- Opening Delimiter -

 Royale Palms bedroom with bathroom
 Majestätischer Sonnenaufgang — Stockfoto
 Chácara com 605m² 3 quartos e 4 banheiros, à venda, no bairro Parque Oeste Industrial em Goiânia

- Closing Delimiter -
- Opening Delimiter -

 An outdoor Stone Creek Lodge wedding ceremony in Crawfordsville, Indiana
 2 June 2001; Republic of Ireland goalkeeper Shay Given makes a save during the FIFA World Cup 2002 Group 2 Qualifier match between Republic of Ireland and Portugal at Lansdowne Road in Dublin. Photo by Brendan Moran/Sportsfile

- Closing Delimiter -

Task to complete. Starting at the line with "An outdoor Stone" and ending at the line with "2 June 2001;", print each line of the listing above exactly, with no other lines.

Worked solution.
 An outdoor Stone Creek Lodge wedding ceremony in Crawfordsville, Indiana
 2 June 2001; Republic of Ireland goalkeeper Shay Given makes a save during the FIFA World Cup 2002 Group 2 Qualifier match between Republic of Ireland and Portugal at Lansdowne Road in Dublin. Photo by Brendan Moran/Sportsfile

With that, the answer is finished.